House Minority Leader James Beverly, D-Macon, said: “You don’t want a leader to say, ‘Vote for this bill because we just got $100,000.’ That won’t happen on my watch.”
The difference in what Kemp’s committee can raise and what individual candidates for office can collect is startling.
Statewide candidates, such as those running for governor, are currently allowed to raise $7,600 from individual donors for both the primary and general election, and $4,500 for a primary runoff. Lawmakers can raise $3,000 per election cycle from individual donors for the primary and general election and $1,600 for runoffs.
Those limits don’t apply to leadership committees that only Kemp, the eventual Democratic nominee for governor and a few legislative leaders can create.

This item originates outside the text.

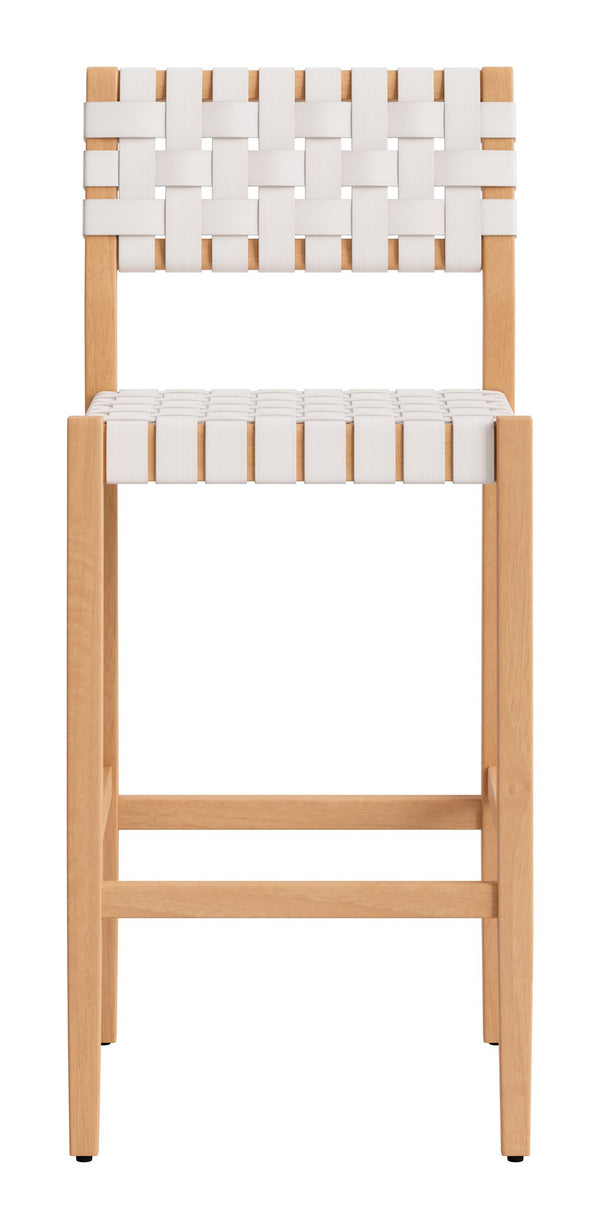 Mizuya Acacia Wood Rattan Barstool Stylish Outdoor Patio or Indoor Bar Seating Glam Deco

So, for instance, a company or business association seeking a tax break from the General Assembly could give $100,000 or more to such funds and do it while lawmakers are considering the tax break or while the governor is deciding whether to sign it into law.
Kemp backers had already had a political nonprofit called Keeping Georgia Strong that could take unlimited funds from donors, and it collected at least $45,000 from health care giant HCA, $15,000 from the nursing home lobby and $10,000 from the filmmakers PAC. But the nonprofit’s CEO, Capitol lobbyist Clay Huckaby, said last summer that it was being phased out after the leadership committee passed.
That’s because the new leadership committees are more advantageous for campaigns. Political nonprofits can’t — for instance — legally coordinate efforts directly with Kemp’s campaign. His leadership committee can, essentially making it an arm of his reelection bid.
Kemp’s political team has good reason to want a massive political war chest. Former President Donald Trump, who has influence on the state’s Republican base, has kept up his attacks against Kemp for not doing more to illegally overturn Georgia’s 2020 election results in his favor, and he has endorsed Perdue, a U.S. senator until he lost his seat in January 2021.
If Kemp, as expected, gets past the primary, he faces a rematch with his 2018 general election opponent, Democrat Stacey Abrams, who set fundraising records that year and whose voting rights group, Fair Fight, has raised more than $100 million since then.
While Abrams could add a leadership committee to her powerful fundraising arsenal, she would not be able to do it until the Democratic primary is decided in May, 10 months after Kemp created his committee.
Kemp reported in July that his reelection campaign had raised about $12 million, the highest amount ever by an incumbent seeking reelection with a year and a half to go before the next election. Many of those who donated — businesses and individuals with interest in legislation and funding — are also giving to his leadership committee, which has yet to report fundraising numbers for 2021.
Staff writer Greg Bluestein contributed to this article.